I have played wheelchair basketball many times and have absolutely loved it! Shooting the basketball is very different when sitting down, but it is so fun! My friend, Kelly, and I put together a wheelchair basketball tournament. Everyone seemed to love it!
The rules are very similar to basketball such as the height of the hoop (10 feet). A few rules are modified such as players must dribble, pass, or shoot after pushing/touching the wheels of the wheelchair twice. Double-dribble does not exist in wheelchair basketball. Players cannot run their chairs into other players' chairs - that is a foul. Defenders are not allowed to stay in the paint longer than five seconds.
The participants can vary. Wheelchair basketball was designed for people who have a spinal injury, amputated leg, etc., but over time, more people have started playing. People without a disability can participate now as well. When all of the players on the teams have a disability, it is called an adaptive sport. When some of the players have a disability and some do not, it is called reverse integration.
Where to find Wheelchair Basketball
Many city recreation centers now have wheelchairs for different wheelchair sports for example the new Provo Recreation Center. The wheelchairs are different for basketball so please do not try using regular wheelchairs. The wheelchairs for basketball have angled wheels so that fingers and arms are less likely to get hurt. Just call around and see if you can find any.
Collegiate, Professional, and Olympic Levels
Events tend to go over best when they have a theme. For wheelchair basketball, a few different themes can be used. For our tournament, we chose to use March Madness as our theme. We had the tournament the Saturday before Selection Sunday for the NCAA tournament and called it Selection Saturday. The title of our event was Wheelin' March Madness. We gave out trophies to the top two teams. Other themes could be disability awareness day - usually around April 3rd. Another idea would be around the time of the Paralympics (starting the week after the Olympics).

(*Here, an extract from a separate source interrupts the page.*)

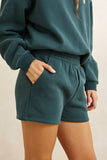RHYTHM Collegiate Fleece Short - FORREST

Uses as a Certified Therapeutic Recreation Specialist
This activity could be used as a treatment to help improve functionality for someone who had a lower body amputation or received a spinal cord injury. This could also be used for leisure education to teach someone how to play so they can play in the future with friends whether they have a disability or not.
Please comment below on how you would use these activities with your population, thoughts on how it has worked for you, advice for others on how to implement it, what you would process and so on! We'd love to hear about it!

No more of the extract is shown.